A new delivery truck proudly displayed in front of the Butler Music Company - about 1913.
1913

Reynolds Associates is a company that began nearly fifty years ago, with the renovation of a municipal pipe organ in Marion, IN.

But the story actually begins long before that.

Thad and David Reynolds are the latest businessmen in a family whose entrepreneurial interests have centered on musical instruments for over 120 years. Thad’s great-grandfather, Thad Butler, manufactured pianos and parlor reed organs in central Indiana before the turn of the twentieth century.

In his twenties, he started Indiana’s most successful carriage factory. In his thirties, he had transitioned to the real estate business during east central Indiana’s gas boom. By the age of forty, he had become a retailer, first selling bicycles, and finally settling on musical instruments. The firm he founded, the Butler Music Company, became a business institution in central Indiana for nearly a century.

Thad Reynolds at the Coliseum Organ 1974
1974

Thad Butler’s son, Edwin (Thad’s grandfather) was President of the National Association of Music Merchants (NAMM), early in the twentieth century, and under him the business flourished, winning many national awards. Exposed to this family of musicians and music merchants, it was probably inevitable that Thad Butler Reynolds would be drawn to the world of music.

Young Thad’s first project – his baptism of fire – happened while he was still a student at Ball State University, when he tackled the restoration of the C.G. Barley Memorial Organ in Marion’s Memorial Coliseum. This magnificent three-manual Estey organ (#2727) had been silent for over a decade because the cost to repair it had been estimated at $75,000. It took Thad nearly a year of volunteer time to get the old instrument playing again, at a total cost of $28.

David Reynolds.

Following newspaper and television reports in the local and Indianapolis media, his new business was launched, slowly at first, but with ever-increasing momentum. By the way, the Coliseum organ continued to play for thirty years (on its original leather!), until the building was remodeled and repurposed. But the great organ is still there, waiting for Thad and David to renew it again!

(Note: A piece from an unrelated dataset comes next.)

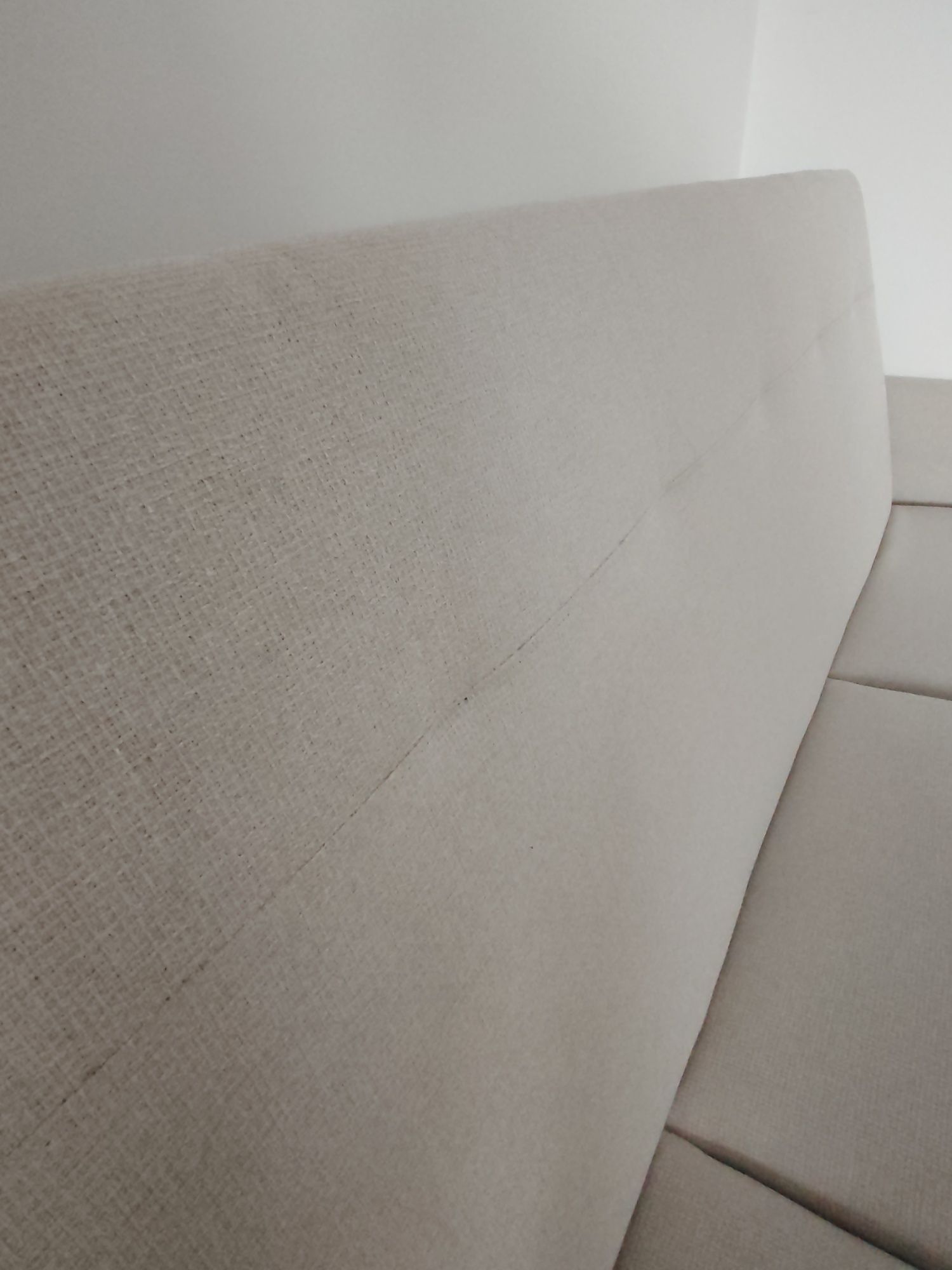 Beżowa sofa Henry Agata Meble - stan bdb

By the time David Reynolds was old enough to hold a screwdriver, it was clear that he, too, would be a talented organ builder. Eventually, the father and son team became a business partnership.

Over the years, the business grew. New technologies, such as our CNC router system, greatly improve our capabilities and the quality of our work. Our facilities grew steadily from a two-car garage to a proper shop, and finally to two shop facilities totaling over 14,000 square feet. Our team also grew, with new young employees learning the trade and also learning our philosophy of customer service and quality work. Our instruments have been played by many of the world’s finest organ recitalists, but the real test of our work is the instruments in our customers’ churches that enhance worship with reverence and dignity.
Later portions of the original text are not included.